I share Ryan Gunderson’s concerns about job creation and income enhancement, but I think they don’t apply to the sector examples I have described. Perhaps he is unaware of the substantial evidence demonstrating how mobile phones have improved access to livelihoods, increased incomes, and accelerated GDP growth in poor communities-some of which has been posted here on NextBillion.net over the years. A forthcoming review of the research literature prepared for the GSMA, for example, finds more than 40 well-documented studies of this impact. Rural connectivity, then, is a primary tool for increasing access to markets, including employment markets, and improving the bargaining power of small producers in generating income from their crops. And mobile phone banking will be the primary means of access to financial services, including remittances, for most of the BoP-also critical to improving savings and raising incomes.

As for health care, surely Gunderson is aware that illness is often the catastrophe that devastates BoP household incomes and drives people deeper into poverty.
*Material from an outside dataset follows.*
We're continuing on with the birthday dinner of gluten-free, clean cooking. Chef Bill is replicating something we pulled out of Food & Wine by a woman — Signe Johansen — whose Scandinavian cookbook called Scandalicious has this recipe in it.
And what is clear from our own research and from Gubbi’s examples is that connectivity can significantly enhance rural health care. I will go so far as to bet that within ten years rural connectivity will be the rule rather than the exception, simply because that is where most of the growth for telecommunications companies in emerging economies will come from.

Avina Foundation and FUNDES have been our partners in exploring the application of some of these sector strategies in Latin America, and as Emily Fintel points out, the preliminary results are encouraging. She also stresses the need for adaptation to local policy conditions and properly takes me to task for seeming to slight social entrepreneurs and development organizations. Again, I plead impatience, as a social entrepreneur, in my desire to mainstream market-driven approaches so as to get to scale.
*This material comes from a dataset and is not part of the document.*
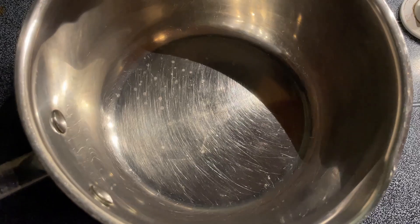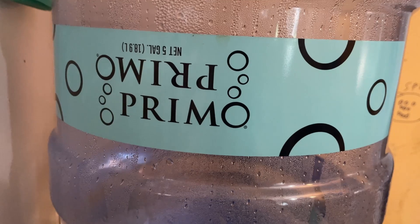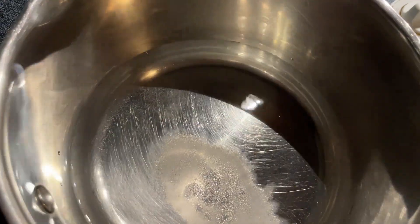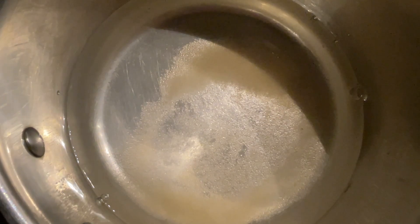I have my medium saucepan ready on the stove. I'm going to pour half a cup of vinegar, three-fourths cups of water, a teaspoon of salt, and two tablespoons of sugar. I also added another third cup of vinegar, and now we're just going to let that boil.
Finally, Francisco Mejia suggests combining the sector approach with the potential for leveraging existing utility platforms, showing how that can help scale service delivery of products or services very rapidly. This seems well worth considering.

My takeaway from these comments is that there may be more than one way to scale, but that there is wide acceptance of the need to accelerate the process. Whether working with existing enterprises or incubating new ones, the scarcity is of viable-and investable-businesses that provide needed services to low income communities. So it is useful to try new scaling approaches, to share experience, and to debate strategies, but also to get on with the work.

In parallel with this ferment in the enterprise development space, there is also a growing tide of new capital seeking ways to invest in sustainable small enterprise and BoP-serving businesses. Both Acumen Fund and David Green of Ashoka, for example, have raised new investment funds, and I am also part of an effort to organize a new private equity fund to invest in BoP enterprises, especially those that share a common business DNA and are thus potentially replicable. And there are a variety of efforts underway to make it easier for mainstream financial entities to invest in such activities-to transform capital market flows for the benefit of the poor.

If we can put new capital to work by creating a rapidly growing stream of viable businesses that address the needs of BoP households and communities, then perhaps we can in fact catalyze meaningful change. That is certainly the motivation behind the sector strategy approach I have outlined in this series of posts.